When it comes to thinking, it's so important to summarize and refine your own life insights. Think about the little progress and gains you've made over the past 40 years. This is a great source of motivation for continuing on your life journey! We don't reach the realm of "no more doubts" by the time we're 40. It's through constantly summarizing, summarizing, and refining our insights that we achieve cognitive improvement and even leaps!
It's okay to take a moment to shift your attention away from this petty love and affection. Think more rationally about planning for your future life path. Once you've done that, your emotions will naturally stabilize, and your sleep will also improve. When sleep improves, your mind will become clearer, and you'll be more rational. This will continue in a virtuous cycle.

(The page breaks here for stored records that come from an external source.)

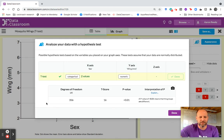So that's it. That's how you do statistics with the graph-driven test. Hope you have fun working with your own data.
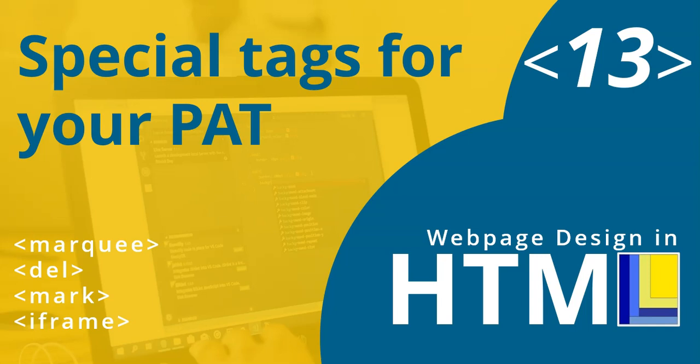Welcome to another video in our series on web page design in HTML. And this is a special video.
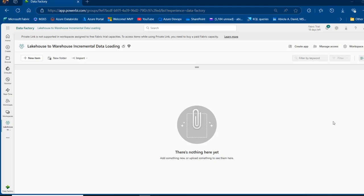Hello and welcome to this end-to-end project on how we can implement incremental data loading from Microsoft Fabric Lakehouse to Microsoft Fabric Warehouse. If you are new to this channel and you are yet to subscribe, please click on the subscribe button and toggle on the bell icon to be informed with new videos. So let's go through the project.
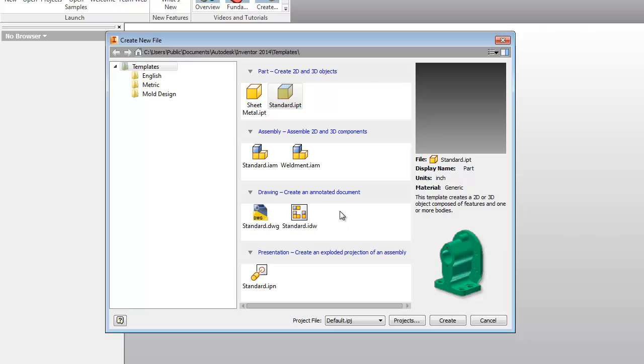If they're already there because another student who sits at this computer has installed them already, good for you. You can skip this step.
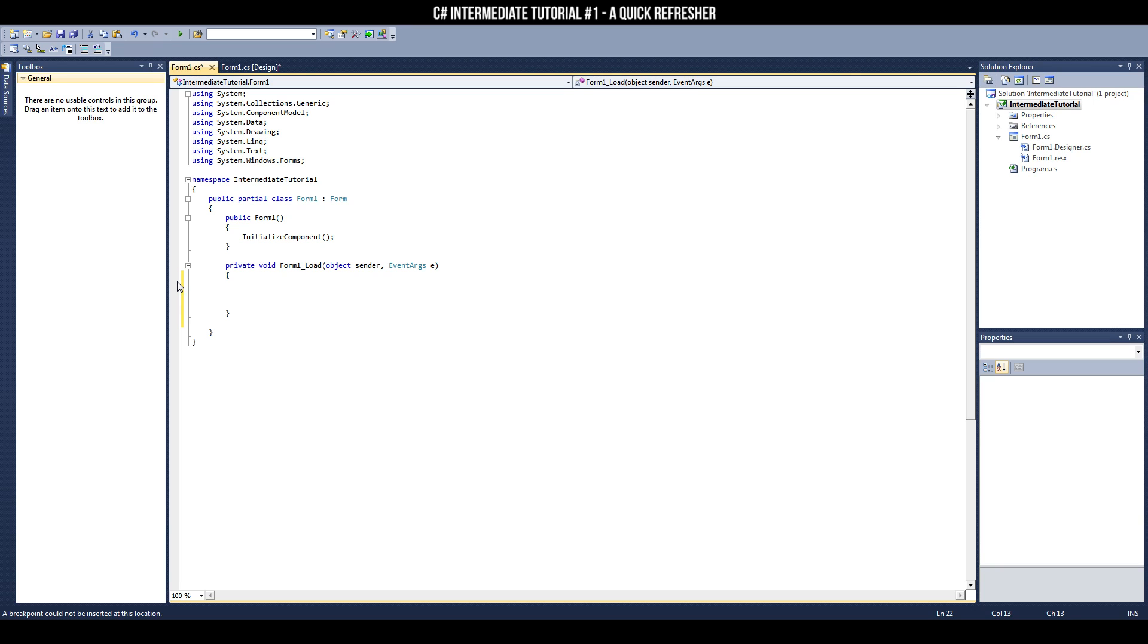Creating variables is simple. Declare the type, name, and value. In this case, I chose to create an integer that represents my age. An integer is a whole number. In this case, 19.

If you're in a WeChat group and you're always being affected by the person at the other end, you can simply quit the group to cut off the source of the disturbance. After you quit the group, you might feel an urge to re-establish contact. There might be some back and forth, but this is normal. We know that this process will be as difficult as kicking a drug habit, but once you start, there will come a day when you will "heal" yourself.

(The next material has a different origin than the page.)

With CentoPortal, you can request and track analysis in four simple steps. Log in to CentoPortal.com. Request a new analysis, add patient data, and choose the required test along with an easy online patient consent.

In short, may you control your own future path without resentment, hatred, aversion, fear, arrogance, or impatience, and be at peace in each moment. Each moment is an opportunity to help you grow and awaken. From this perspective, every moment is good.
Wishing you all the best!
Comments
I understand how you're feeling, it's really tough when you find yourself drawn to someone who seems out of reach. Maybe it's time to focus on what makes you unique and valuable, not compare yourself to others. It's important to heal your own heart first before thinking about relationships.
It sounds like you've been through a lot emotionally. Sometimes we idealize situations that aren't necessarily as they seem from the outside. Perhaps giving yourself space to reflect on your own desires and needs can help you move forward in a positive way.
Feeling this way can be very isolating, but remember you're not alone. There are many people who have felt similar emotions at different points in their lives. Seeking support from friends or a professional might give you the perspective you need to feel better.
The nervousness you feel in the WeChat group might be because you're projecting your feelings onto him. It's possible he doesn't see things the same way. Try to engage in the group naturally, without overthinking his reactions. This could ease some of your anxiety.
It's clear that you have a lot of empathy and depth in your feelings. Instead of focusing on what you perceive as lost opportunities, consider what you can learn from this experience. Building selfconfidence and accepting yourself as you are can lead to personal growth and new possibilities.